You may remember that last week we put out a photo writing prompt that asked writers to send in their stories in the mystery genre. I’m thrilled to say that we received a ton of submissions and have picked a winner! Thank you to S.P. Taylor for your submission of The Bait. Authors, If you’d like to brush up on your writing skills, check out some of our courses and classes here: Virtual Courses, Classes, and Workshops – Pandamonium Publishing House. I hope you enjoy S.P. Taylor’s story as much as I did! Stay tuned for more prompts and opportunities to submit your stories.
The Bait by S.P. Taylor
In any other circumstance, I would fancy my surroundings as romantic. In hindsight, I realize, hiding behind an ancient crumbled estate at twilight whilst the fog steals across the remainder of the pale blue sky, this may not be the best spot for a rendezvous. Especially given that a murderer was likely on my tail, not a lover.
Birdie Quinn, how in the devil have you ended up here? I asked myself. My heart beat heavily against my chest. Small gulps of breath escaped my lips.
Bait, I reminded myself. If my suspensions were accurate, he’s following me. My plan feeling risky now.
A soft bird cried to my left. An Eastern whip-poor-will. I was comforted in knowing Thomas was somewhere here. Frightened that I may have put both of us in danger.
I heard footsteps approaching. In my seated position, I leaned deeper into the cold rock, aware that I was literally a sitting duck. An owl hoot, then silence. Something was gravely wrong.
“Amusing that you, an invalid, thought you could catch me. Did you figure me for a fool?” I heard his voice seconds before his face appeared inches from mine.
“No, you’ve averted the best,” I answered boldly, my body riveting.
“For days, I’ve watched you. Who could have imagined such eyes? How spectacular. I promise to leave them alone. As for the rest of you…” he didn’t finish.

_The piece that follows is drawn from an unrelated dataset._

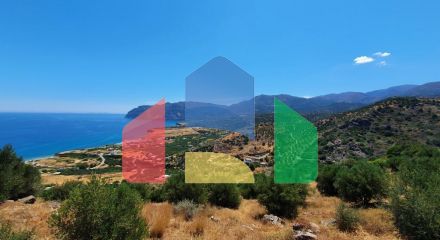 Продажа - Земельный участок 21000 m² на Крите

Trembling, I thought of Tom. Myself. What have I done?
“I’ll give you to the count of ten to run and hide.” His laugh was diabolical. I could not move, and he knew this.
He pounced, his fingers clutching my throat. If eyes were the window to one’s soul, then I was sure my last breath would be at the hands of the devil.

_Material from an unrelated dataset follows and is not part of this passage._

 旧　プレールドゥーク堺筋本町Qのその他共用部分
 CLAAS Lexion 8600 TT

“Do you hear that?” He whispered. “A crow sings. Bad luck, my dear”.
My heart leapt. Could it be? My throat was desperate for words.

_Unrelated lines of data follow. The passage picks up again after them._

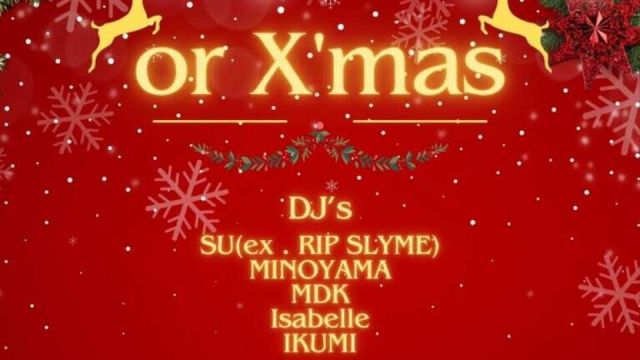 or Xmas 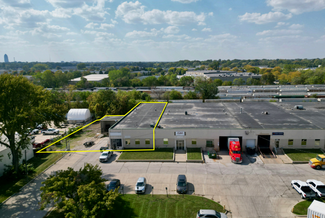 More details for 2030-2250 Delaware Ave, Des Moines, IA - Industrial for Rent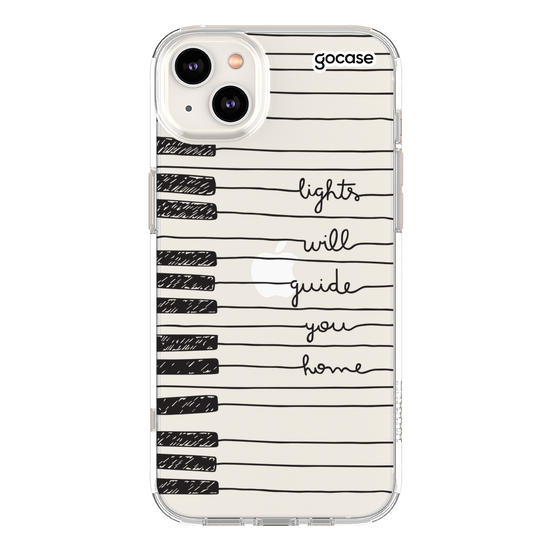 Capinha para celular Guide You Home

“What’s that?” He mocked, loosening his grip.
“No, a raven. A bad omen for you, to be sure. For me, the opposite,” I managed.
A violent thrust, and I was free. Tom’s familiar shape in front of me, a raw gash to his forehead. The blood, red and hardened.
“Turn yourself in,” I ordered. Overcome with relief.
A gun materialized instantly, the gleam of its barrel shining against the darkening sky.
“Do I look frightened?” He taunted.
“No, but you should be.” I countered.
Within an instant, the authorities had us surrounded, their expert hands all trained to fire at the murderer.
Detective Civille was not difficult to spot as the sea of officers parted, and he emerged.
“Miss Quinn, how many times must I tell you to keep your curiosity at bay.”
“What the devil took you so long?”
Our eyes locked. Mine with gratitude. His? Perhaps relief? I didn’t think about it long before Tom lifted me into his arms and did as he had done so often in the past, giving me legs to safety.